Date of Report (Date of earliest event reported) August 6, 1997




                           ALLIANCE CAPITAL MANAGEMENT L.P.
- --------------------------------------------------------------------------------
                (Exact name of registrant as specified in its charter)


         Delaware                         1-9818                  13-3434400
- --------------------------------------------------------------------------------
(State or other jurisdiction of        (Commission             (I.R.S. Employer
 incorporation or organization)        File Number)             Identification
                                                                Number)


1345 Avenue of the Americas, New York, New York                         10105
- --------------------------------------------------------------------------------
(Address of principal executive offices)                              (Zip Code)

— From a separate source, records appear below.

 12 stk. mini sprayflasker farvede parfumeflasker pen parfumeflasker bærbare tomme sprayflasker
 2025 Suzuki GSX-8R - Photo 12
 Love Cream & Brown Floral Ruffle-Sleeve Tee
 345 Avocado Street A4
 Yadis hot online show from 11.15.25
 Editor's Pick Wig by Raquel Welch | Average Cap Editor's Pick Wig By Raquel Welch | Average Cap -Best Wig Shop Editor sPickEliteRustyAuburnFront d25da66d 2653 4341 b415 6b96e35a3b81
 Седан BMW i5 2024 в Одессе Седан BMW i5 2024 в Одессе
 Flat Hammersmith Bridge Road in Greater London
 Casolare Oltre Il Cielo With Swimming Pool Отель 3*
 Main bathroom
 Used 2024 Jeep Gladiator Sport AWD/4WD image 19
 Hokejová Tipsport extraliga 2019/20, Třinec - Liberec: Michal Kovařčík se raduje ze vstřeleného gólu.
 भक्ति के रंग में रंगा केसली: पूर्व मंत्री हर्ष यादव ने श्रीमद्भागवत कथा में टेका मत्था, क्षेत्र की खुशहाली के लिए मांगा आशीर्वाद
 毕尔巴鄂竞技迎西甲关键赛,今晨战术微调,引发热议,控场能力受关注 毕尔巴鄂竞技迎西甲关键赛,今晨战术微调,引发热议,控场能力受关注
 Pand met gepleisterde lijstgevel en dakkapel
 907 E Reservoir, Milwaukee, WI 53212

                                     212-969-1000
- --------------------------------------------------------------------------------
                 (Registrant's telephone number including area code)

<PAGE>

Item 1.  CHANGES IN CONTROL OF REGISTRANT

         Not applicable.

Item 2.  ACQUISITION OR DISPOSITION OF ASSETS

         Not applicable.

Item 3.  BANKRUPTCY OR RECEIVERSHIP

         Not applicable.

Item 4.  CHANGES IN REGISTRANT'S CERTIFYING ACCOUNTANT

         Not applicable.

Item 5.  OTHER EVENTS

         On August 6, 1997 Alliance Capital Management L.P. issued a press
         release announcing that it intends to remain a publicly traded limited
         partnership in light of the Taxpayer Relief Act of 1997, a copy of
         which is attached as an Exhibit to the Report.

Item 6.  RESIGNATIONS OF REGISTRANT'S DIRECTORS

         Not applicable.

Item 7.  FINANCIAL STATEMENTS AND EXHIBITS

         (a)  Financial Statements of Businesses Acquired

              None.

         (b)  Pro Forma Financial Information

              None.

         (c)  Exhibits

              Press Release dated August 6, 1997.



                                      SIGNATURES

    Pursuant to the requirements of the Securities Exchange Act of 1934, the
registrant has duly caused this report to be signed

<PAGE>

on its behalf by the undersigned thereunto duly authorized.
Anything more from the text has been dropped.